Festival submissions are just as competitive for short films as they are for features, but shorts always get the short end of the stick from the press (if that). Nonetheless, it is great thrill to be selected by a prestigious short film festival. Although it cannot remotely compare to the suffering of the victims killed and injured by rampaging Islamist terrorists in Paris, selected filmmakers must be disappointed screenings at the 2015 Festival du Film Court de Villeurbanne were understandably suspended this weekend, in accordance with the decree of national mourning.

Ironically, one of the films that would have screened today somehow manages to make the North Korean capital of Pyongyang look even more surreal. The Kim Dynasty personality cult produces the strangest form of denial in Romanian-born Mihai Grecu’s The Reflection of Power (trailer here), which will hopefully still screen this Wednesday (11/18) in Villeurbanne.

The streets of Pyongyang are empty, because nearly everyone is attending the mandated propaganda pageant. That much is not unusual, but on this day, the city of imposing architecture and kitschy monuments is flooding. Water is rising to Biblical levels, but the assembly carries on. Those performing support functions ignore the water at their ankles. If the Feared Leader has not acknowledged the flood, neither will they.

Visually, Reflection is an eye-popper. This is one of the few shorts films that is worthy of IMAX treatment.

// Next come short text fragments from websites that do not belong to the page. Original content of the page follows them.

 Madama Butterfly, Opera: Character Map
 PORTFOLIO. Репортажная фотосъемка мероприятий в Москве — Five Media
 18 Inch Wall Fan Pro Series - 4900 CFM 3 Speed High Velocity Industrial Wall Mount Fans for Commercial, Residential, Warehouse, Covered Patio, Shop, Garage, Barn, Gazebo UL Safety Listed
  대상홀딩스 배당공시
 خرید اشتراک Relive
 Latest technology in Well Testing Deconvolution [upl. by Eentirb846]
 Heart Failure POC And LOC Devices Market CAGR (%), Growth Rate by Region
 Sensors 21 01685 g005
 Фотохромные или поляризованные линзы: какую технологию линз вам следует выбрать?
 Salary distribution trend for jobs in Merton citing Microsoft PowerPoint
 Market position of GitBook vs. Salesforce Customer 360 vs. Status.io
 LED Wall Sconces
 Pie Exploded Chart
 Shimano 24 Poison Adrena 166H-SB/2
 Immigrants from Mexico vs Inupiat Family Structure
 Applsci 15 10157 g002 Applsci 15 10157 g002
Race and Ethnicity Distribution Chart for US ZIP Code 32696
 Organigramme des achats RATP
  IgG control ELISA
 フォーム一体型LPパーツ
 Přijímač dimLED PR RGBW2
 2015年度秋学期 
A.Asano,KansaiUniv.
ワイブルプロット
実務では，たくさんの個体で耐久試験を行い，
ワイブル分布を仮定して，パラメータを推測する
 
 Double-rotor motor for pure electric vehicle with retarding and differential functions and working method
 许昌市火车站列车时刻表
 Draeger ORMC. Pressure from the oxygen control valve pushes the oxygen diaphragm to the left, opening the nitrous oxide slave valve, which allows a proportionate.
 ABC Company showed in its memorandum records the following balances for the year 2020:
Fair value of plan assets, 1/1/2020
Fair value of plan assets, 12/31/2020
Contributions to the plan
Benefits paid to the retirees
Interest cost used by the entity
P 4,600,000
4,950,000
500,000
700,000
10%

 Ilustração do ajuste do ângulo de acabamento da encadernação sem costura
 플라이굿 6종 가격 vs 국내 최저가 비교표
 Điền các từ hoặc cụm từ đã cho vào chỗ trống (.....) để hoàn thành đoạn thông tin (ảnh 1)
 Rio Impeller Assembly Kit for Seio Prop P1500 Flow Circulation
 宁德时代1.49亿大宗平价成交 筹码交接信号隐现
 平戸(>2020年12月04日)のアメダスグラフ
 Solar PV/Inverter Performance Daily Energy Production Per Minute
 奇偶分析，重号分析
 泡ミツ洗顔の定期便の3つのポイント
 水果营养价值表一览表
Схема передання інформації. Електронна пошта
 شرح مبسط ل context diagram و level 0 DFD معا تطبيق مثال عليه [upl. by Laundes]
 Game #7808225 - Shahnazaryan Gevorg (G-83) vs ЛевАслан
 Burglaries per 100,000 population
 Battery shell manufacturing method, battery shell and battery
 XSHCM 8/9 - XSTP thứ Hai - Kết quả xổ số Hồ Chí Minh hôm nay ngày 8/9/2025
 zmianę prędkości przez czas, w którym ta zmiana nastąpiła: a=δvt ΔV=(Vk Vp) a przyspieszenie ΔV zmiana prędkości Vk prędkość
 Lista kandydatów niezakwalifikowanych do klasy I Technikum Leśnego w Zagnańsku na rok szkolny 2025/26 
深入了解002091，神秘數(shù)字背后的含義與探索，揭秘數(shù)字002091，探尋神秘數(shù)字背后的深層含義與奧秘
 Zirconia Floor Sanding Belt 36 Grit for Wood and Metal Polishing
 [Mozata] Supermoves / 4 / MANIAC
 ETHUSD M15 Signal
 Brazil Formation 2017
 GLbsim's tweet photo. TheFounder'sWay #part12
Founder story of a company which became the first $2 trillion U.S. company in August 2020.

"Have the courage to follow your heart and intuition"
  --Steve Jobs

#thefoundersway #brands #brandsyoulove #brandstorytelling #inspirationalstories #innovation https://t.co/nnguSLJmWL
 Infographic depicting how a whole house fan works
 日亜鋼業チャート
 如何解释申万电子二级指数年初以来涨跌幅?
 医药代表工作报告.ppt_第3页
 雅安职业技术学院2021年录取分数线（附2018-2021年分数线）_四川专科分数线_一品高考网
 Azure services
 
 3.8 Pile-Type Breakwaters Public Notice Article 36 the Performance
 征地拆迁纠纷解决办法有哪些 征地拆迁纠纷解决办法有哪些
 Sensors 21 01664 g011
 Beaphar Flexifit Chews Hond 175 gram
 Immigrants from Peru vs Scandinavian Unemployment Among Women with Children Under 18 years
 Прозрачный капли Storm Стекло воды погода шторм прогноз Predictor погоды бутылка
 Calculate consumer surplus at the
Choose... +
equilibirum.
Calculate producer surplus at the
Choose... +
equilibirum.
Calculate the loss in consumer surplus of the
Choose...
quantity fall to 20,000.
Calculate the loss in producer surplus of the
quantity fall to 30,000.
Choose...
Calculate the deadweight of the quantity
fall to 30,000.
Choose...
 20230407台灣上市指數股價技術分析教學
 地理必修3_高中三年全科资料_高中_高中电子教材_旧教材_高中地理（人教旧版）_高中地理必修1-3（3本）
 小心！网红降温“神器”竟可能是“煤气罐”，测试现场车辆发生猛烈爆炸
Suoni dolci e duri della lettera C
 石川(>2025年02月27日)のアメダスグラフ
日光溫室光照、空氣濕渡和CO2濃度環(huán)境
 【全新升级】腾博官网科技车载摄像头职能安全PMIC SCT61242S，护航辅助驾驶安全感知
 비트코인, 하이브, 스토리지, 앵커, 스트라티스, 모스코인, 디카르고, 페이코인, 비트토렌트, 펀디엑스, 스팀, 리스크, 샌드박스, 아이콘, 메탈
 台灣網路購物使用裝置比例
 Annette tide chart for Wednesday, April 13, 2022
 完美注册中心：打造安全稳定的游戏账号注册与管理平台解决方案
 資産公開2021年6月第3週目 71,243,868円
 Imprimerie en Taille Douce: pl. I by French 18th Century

Grecu and his effects team do incredible work first recreating the notoriously isolated city and then convincingly deluging it.

Just how we should take the steady flooding is open to interpretation, but it is hard to imagine Reflection getting a command invitation from the Kim regime anytime soon. The images of a city ignoring its peril may not be perfectly suited for French audiences right now, but its artistry is impressive and its implied criticism of ideological extremism still might find receptive audiences. Of course, the fact it is not screening today is a fractional part of an enormous human tragedy.

Everything scheduled at the Villeurbanne festival deserves the chance to be seen and the Eagles of Death Metal deserve the chance to be heard. Some say this is a wake-up call, but those who slept through September 11th, Mumbai 2008, and the Charlie Hebdoo attacks are not likely to wake up the reality of terrorism now. Regardless, we offer our sympathy to the people of Paris and hope our respective leaders learn from these horrific events.